- **Task instructions**:
Repeat precisely the span of lines below that opens with the line containing "swimming pool decorated" and closes with the line containing "behind seven mountains.", both included.

- **Given data**:

>>>>>

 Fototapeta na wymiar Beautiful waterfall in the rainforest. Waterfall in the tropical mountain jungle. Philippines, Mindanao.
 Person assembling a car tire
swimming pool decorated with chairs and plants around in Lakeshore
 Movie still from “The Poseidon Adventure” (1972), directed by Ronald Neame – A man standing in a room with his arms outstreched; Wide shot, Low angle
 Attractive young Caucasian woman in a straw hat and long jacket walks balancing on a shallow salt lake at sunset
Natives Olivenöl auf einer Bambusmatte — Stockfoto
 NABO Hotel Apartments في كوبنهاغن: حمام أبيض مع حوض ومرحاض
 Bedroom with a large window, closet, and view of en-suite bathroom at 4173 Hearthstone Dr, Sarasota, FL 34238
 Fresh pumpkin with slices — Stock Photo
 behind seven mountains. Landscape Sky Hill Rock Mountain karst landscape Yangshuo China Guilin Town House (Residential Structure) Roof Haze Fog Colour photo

<<<<<
>>>>>

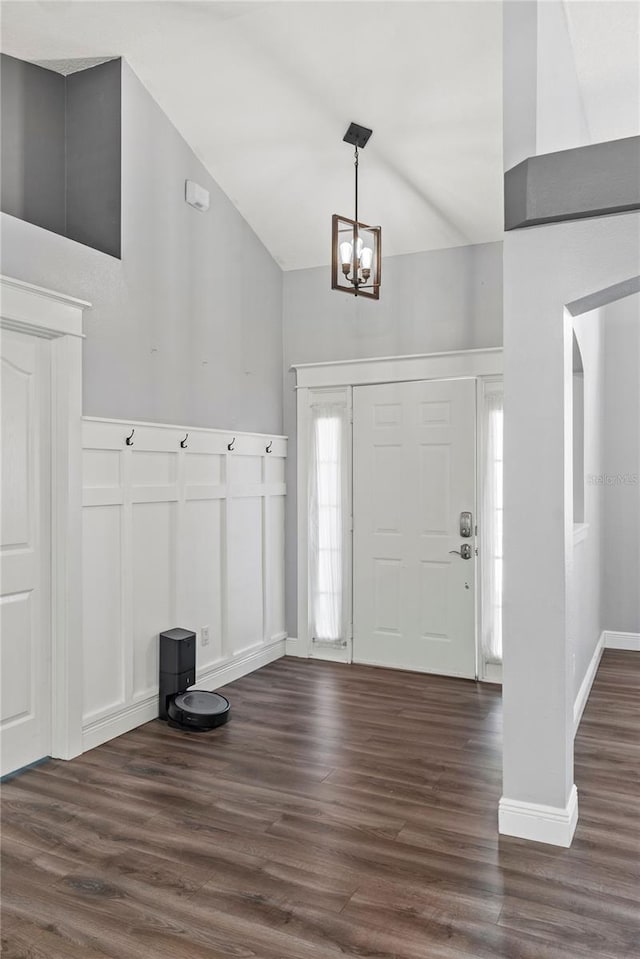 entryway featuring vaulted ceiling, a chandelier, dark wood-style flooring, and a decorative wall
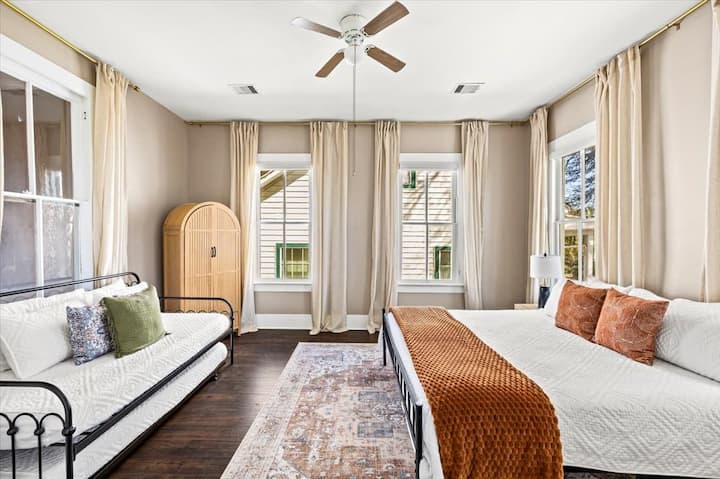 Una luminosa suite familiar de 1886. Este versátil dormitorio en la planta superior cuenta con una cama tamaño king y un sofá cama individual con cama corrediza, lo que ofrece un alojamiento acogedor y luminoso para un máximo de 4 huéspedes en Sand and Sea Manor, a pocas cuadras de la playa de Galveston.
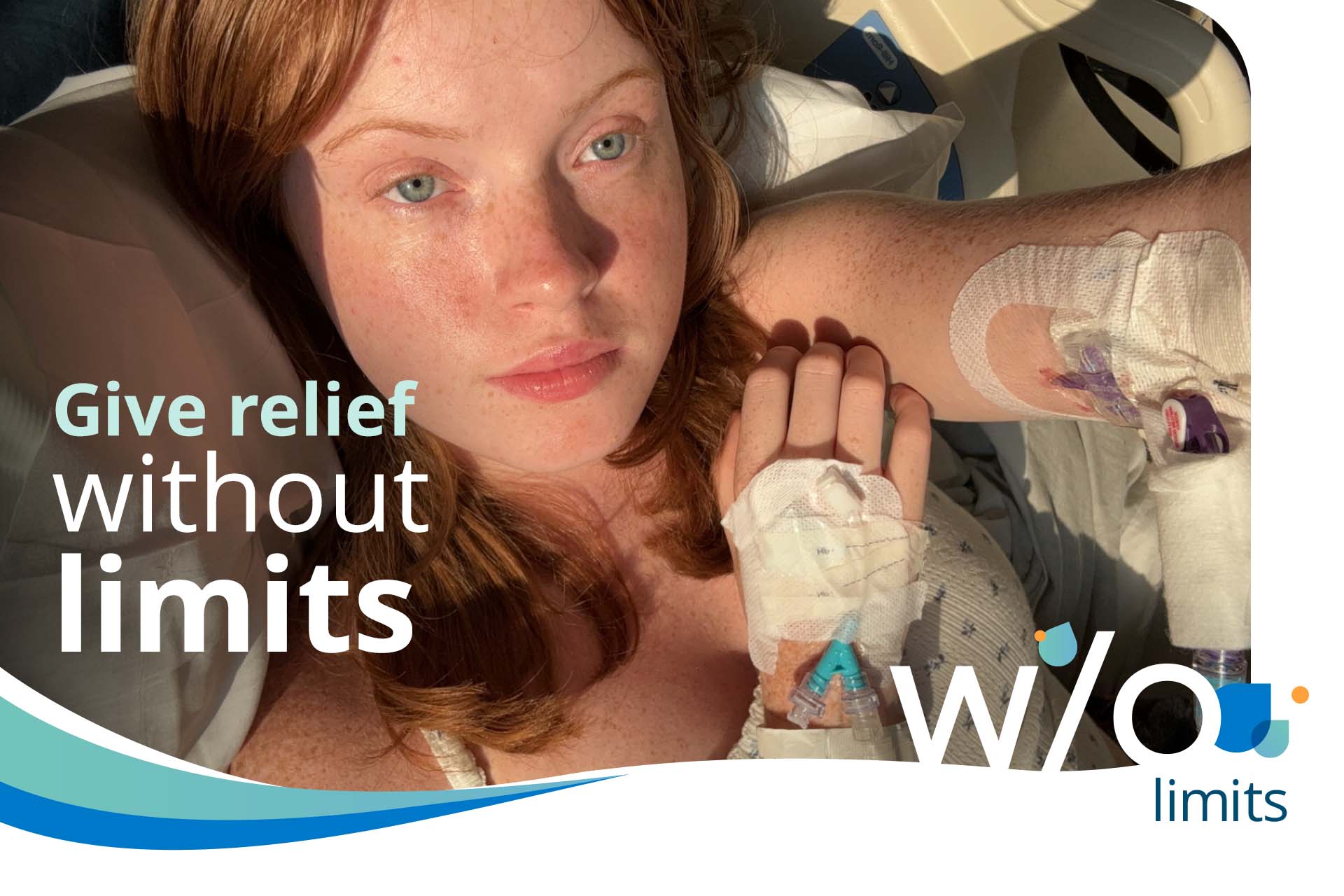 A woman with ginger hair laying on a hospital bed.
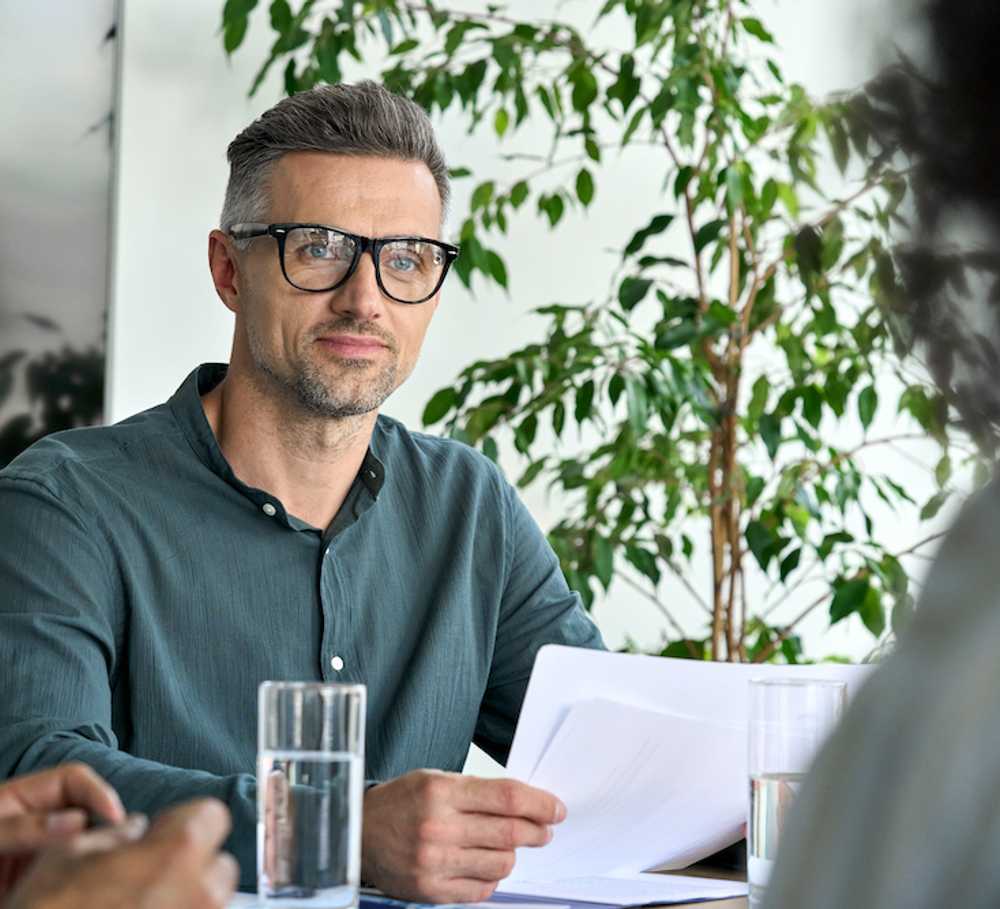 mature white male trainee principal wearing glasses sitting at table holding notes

<<<<<

- **Answer box**:
swimming pool decorated with chairs and plants around in Lakeshore
 Movie still from “The Poseidon Adventure” (1972), directed by Ronald Neame – A man standing in a room with his arms outstreched; Wide shot, Low angle
 Attractive young Caucasian woman in a straw hat and long jacket walks balancing on a shallow salt lake at sunset
Natives Olivenöl auf einer Bambusmatte — Stockfoto
 NABO Hotel Apartments في كوبنهاغن: حمام أبيض مع حوض ومرحاض
 Bedroom with a large window, closet, and view of en-suite bathroom at 4173 Hearthstone Dr, Sarasota, FL 34238
 Fresh pumpkin with slices — Stock Photo
 behind seven mountains. Landscape Sky Hill Rock Mountain karst landscape Yangshuo China Guilin Town House (Residential Structure) Roof Haze Fog Colour photo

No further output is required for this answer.